#### [EXERCISE DIRECTIONS]
Would you write out the entries that follow word for word, omitting any images?

(GIVEN ENTRIES begins)

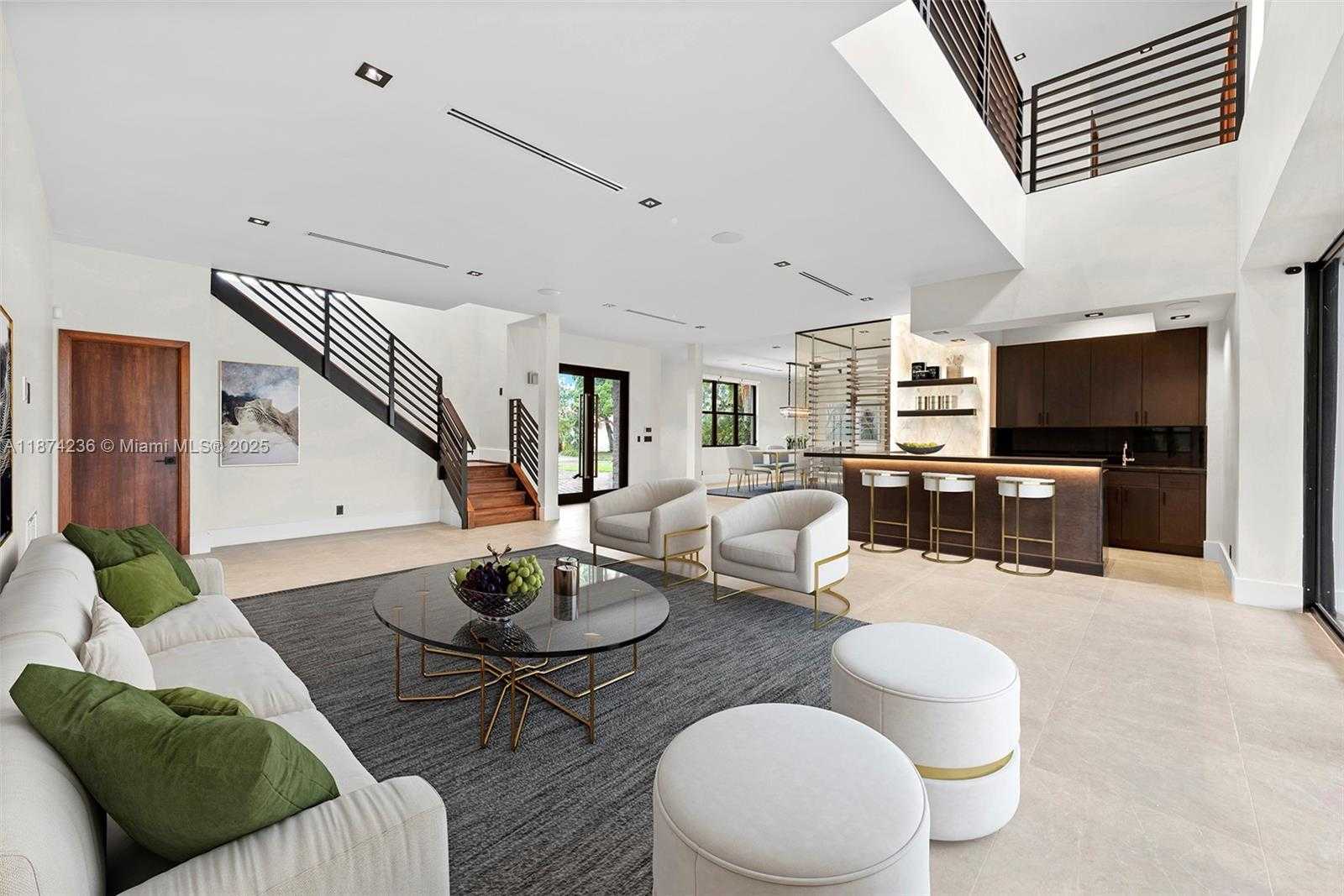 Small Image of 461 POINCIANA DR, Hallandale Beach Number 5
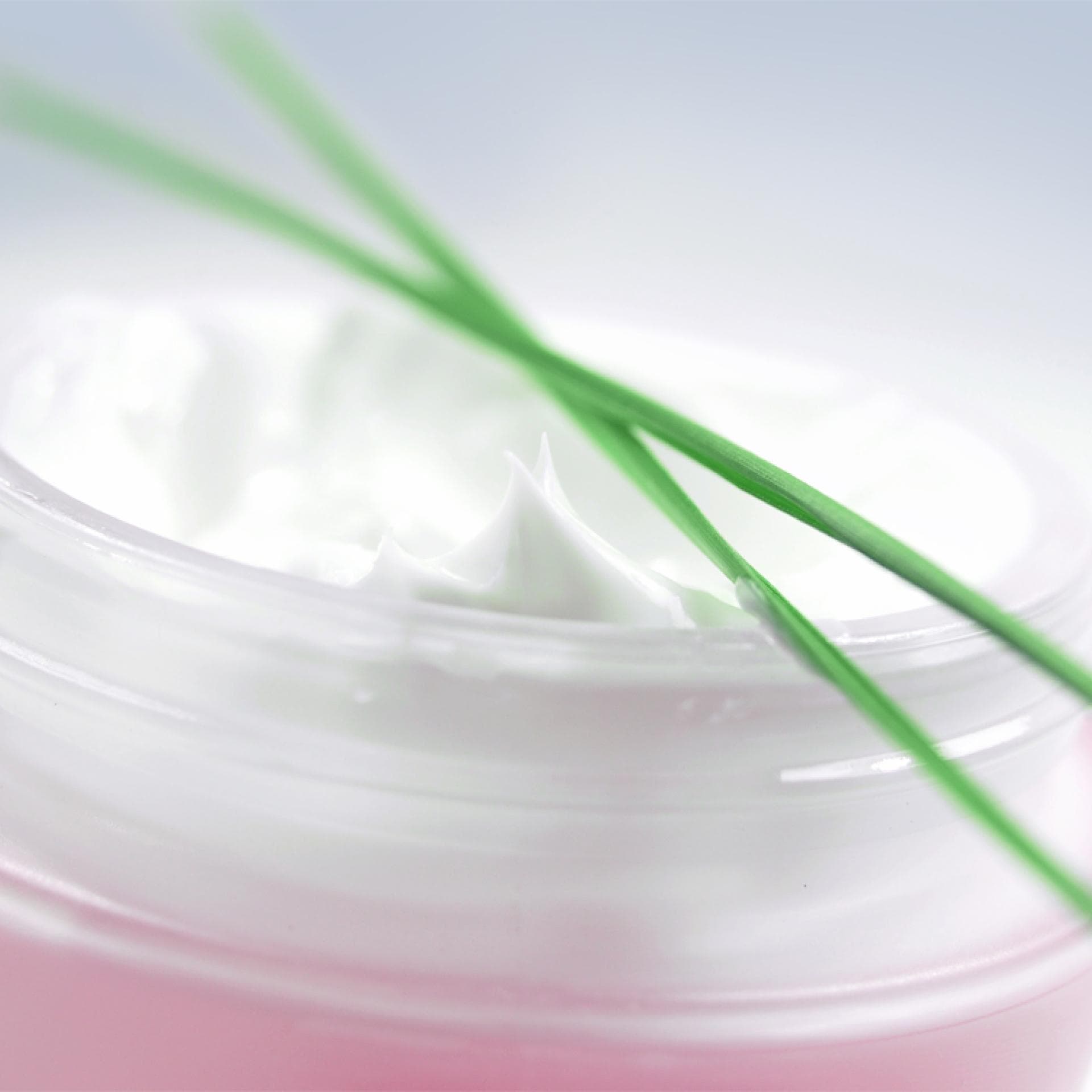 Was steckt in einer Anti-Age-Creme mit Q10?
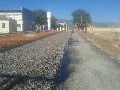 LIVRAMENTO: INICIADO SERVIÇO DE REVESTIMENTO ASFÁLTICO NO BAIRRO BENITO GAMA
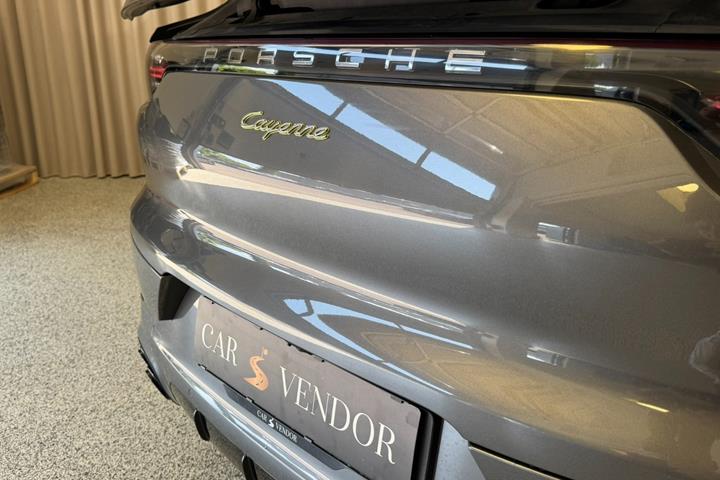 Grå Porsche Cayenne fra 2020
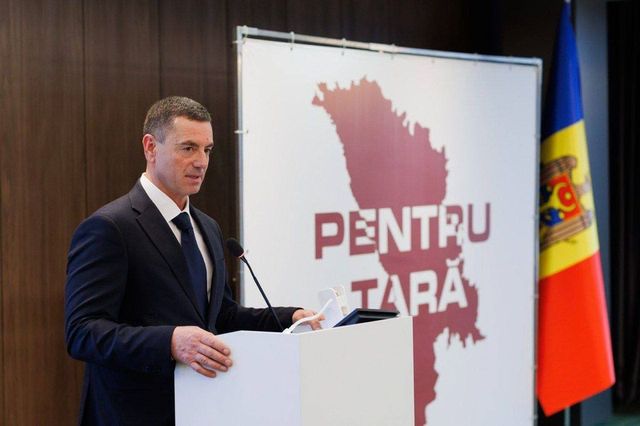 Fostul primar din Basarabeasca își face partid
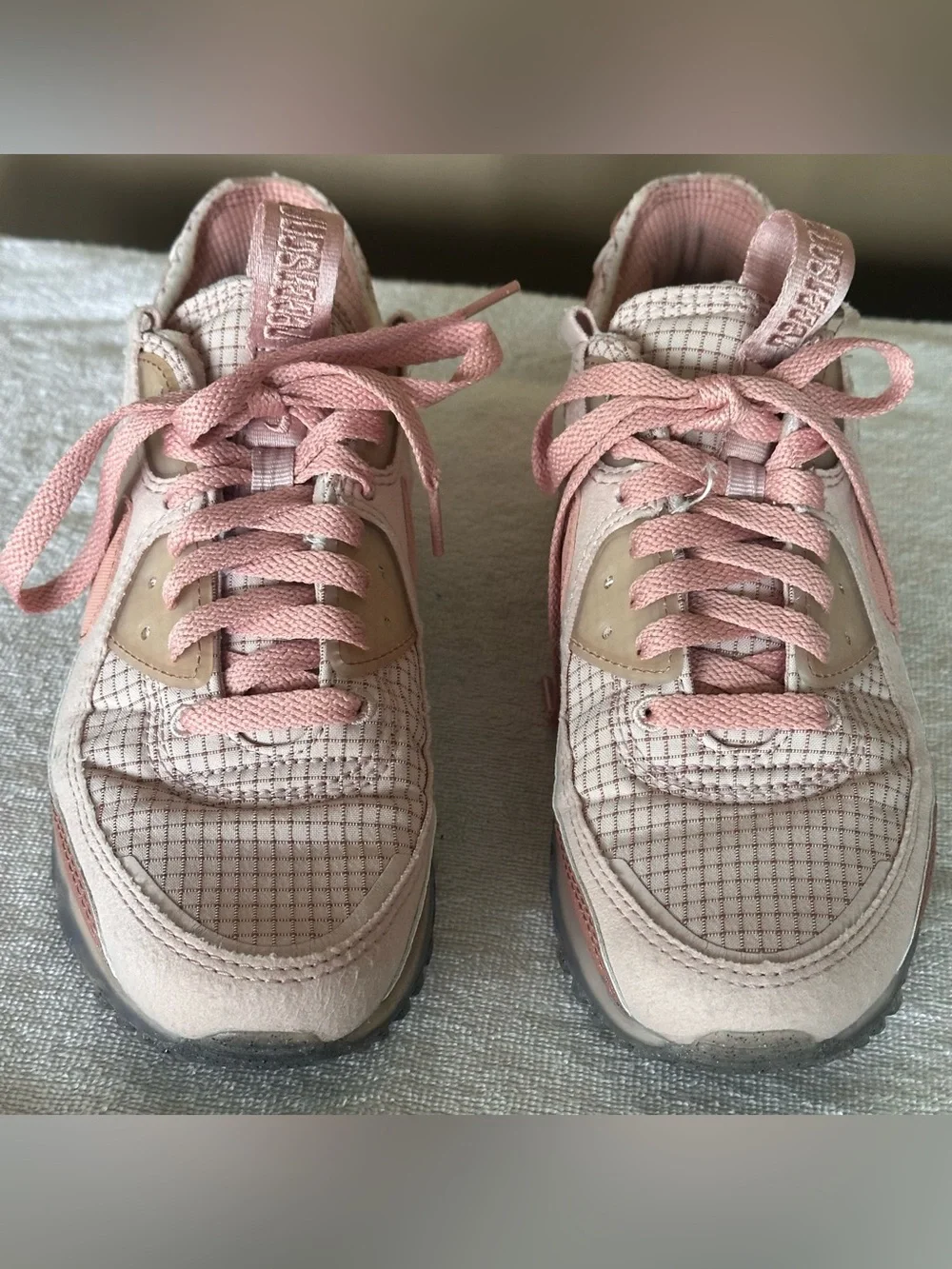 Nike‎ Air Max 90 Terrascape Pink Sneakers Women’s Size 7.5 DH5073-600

(GIVEN ENTRIES ends)

#### [SOLUTION FOR THIS PROBLEM]
 Small Image of 461 POINCIANA DR, Hallandale Beach Number 5
 Was steckt in einer Anti-Age-Creme mit Q10?
 LIVRAMENTO: INICIADO SERVIÇO DE REVESTIMENTO ASFÁLTICO NO BAIRRO BENITO GAMA
 Grå Porsche Cayenne fra 2020
 Fostul primar din Basarabeasca își face partid
 Nike‎ Air Max 90 Terrascape Pink Sneakers Women’s Size 7.5 DH5073-600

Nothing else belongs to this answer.